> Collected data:
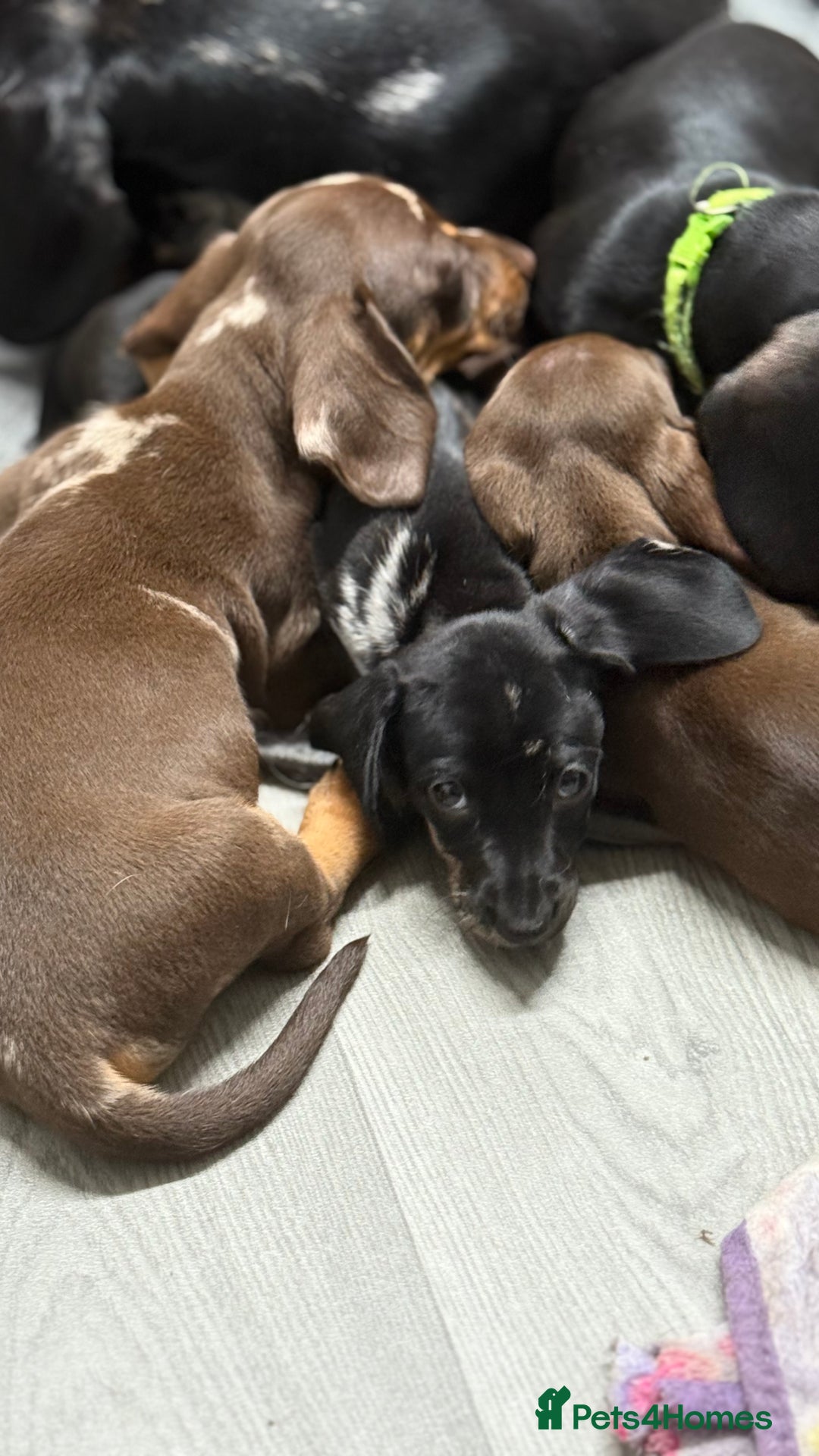 Miniature Dachshund dogs for sale: Gorgeous minix dachshund puppies ready now! - Image 1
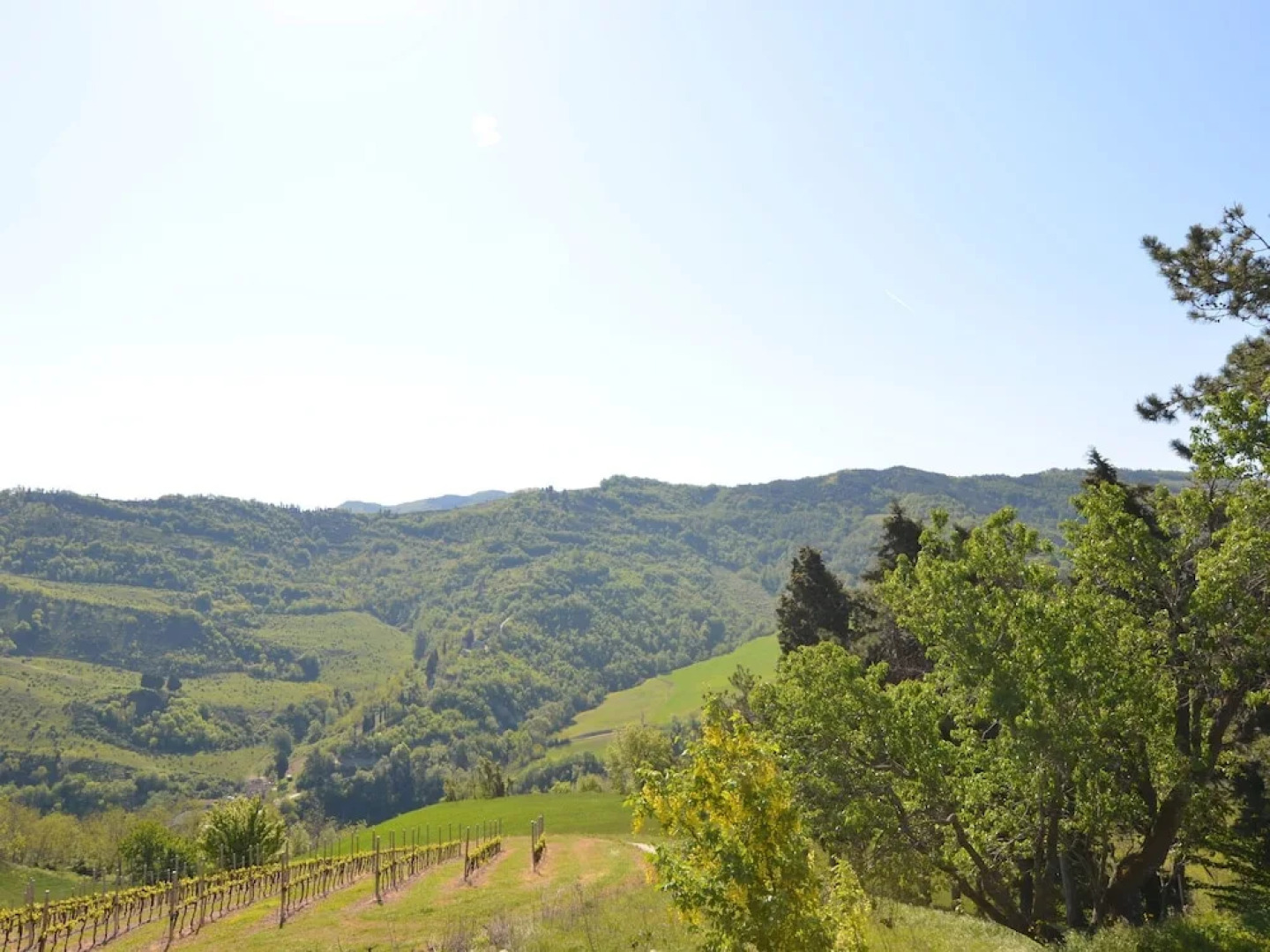 Apartment in Modigliana With Bbq, Garden, Garden Furniture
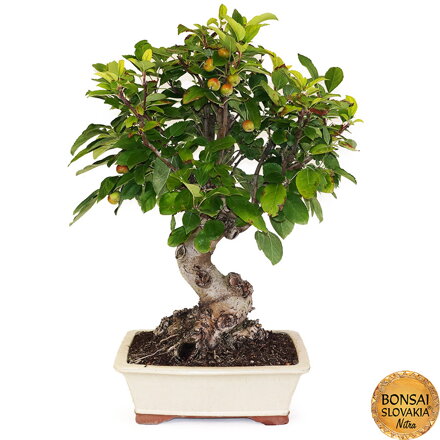 BONSAI: JABLOŇ, MALUS HALLIANA 70cm
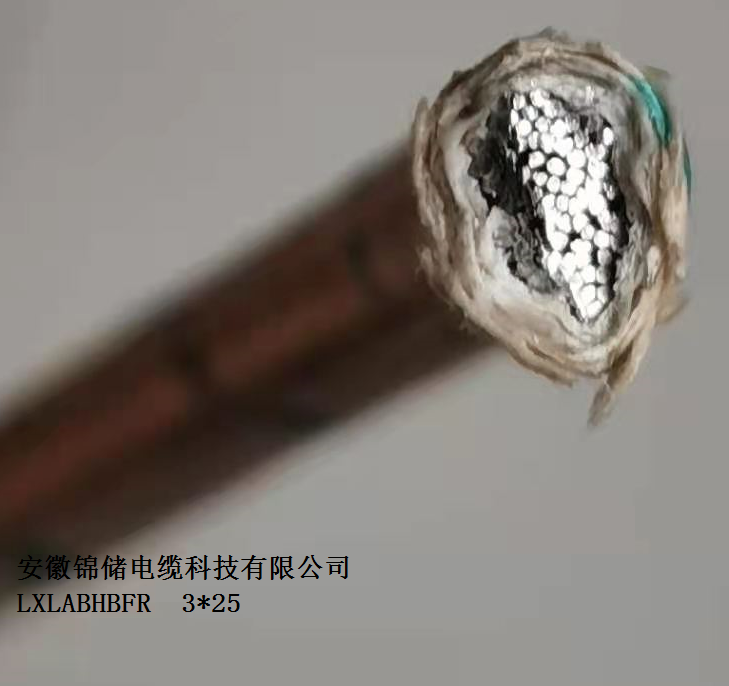 16263969336995.png 6ee1b26ae0aa2ddafa1302d8edbbfb0.png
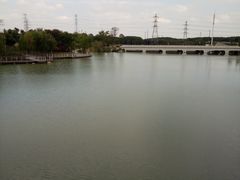 -蛙麻蛙辣炭火蛙锅(南环大街店)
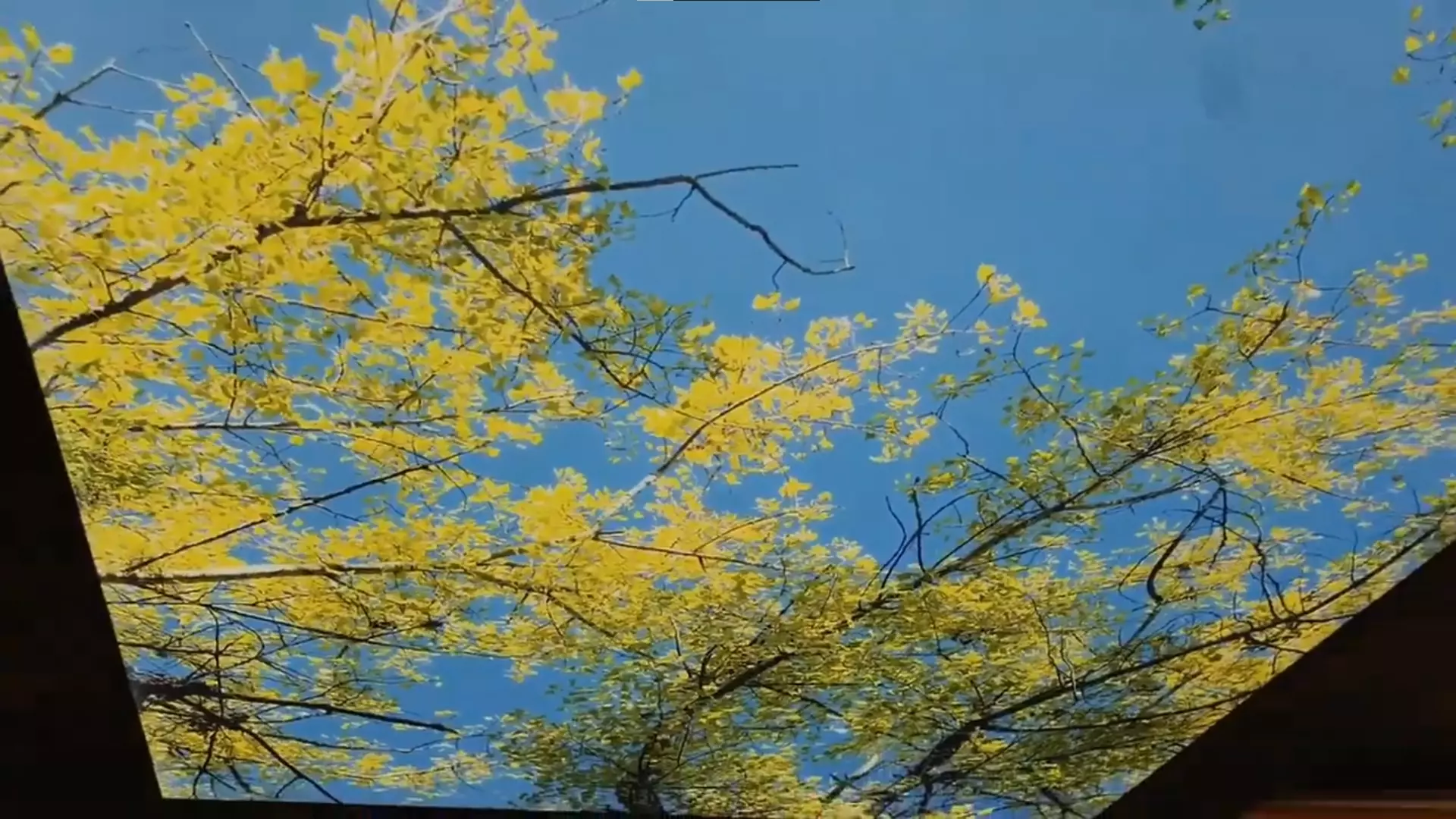 Северодвинск, , фото 2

> Required work: Repeat all the data as it stands, dropping any images it holds.

> Answer section:
 Miniature Dachshund dogs for sale: Gorgeous minix dachshund puppies ready now! - Image 1
 Apartment in Modigliana With Bbq, Garden, Garden Furniture
 BONSAI: JABLOŇ, MALUS HALLIANA 70cm
 16263969336995.png 6ee1b26ae0aa2ddafa1302d8edbbfb0.png
 -蛙麻蛙辣炭火蛙锅(南环大街店)
 Северодвинск, , фото 2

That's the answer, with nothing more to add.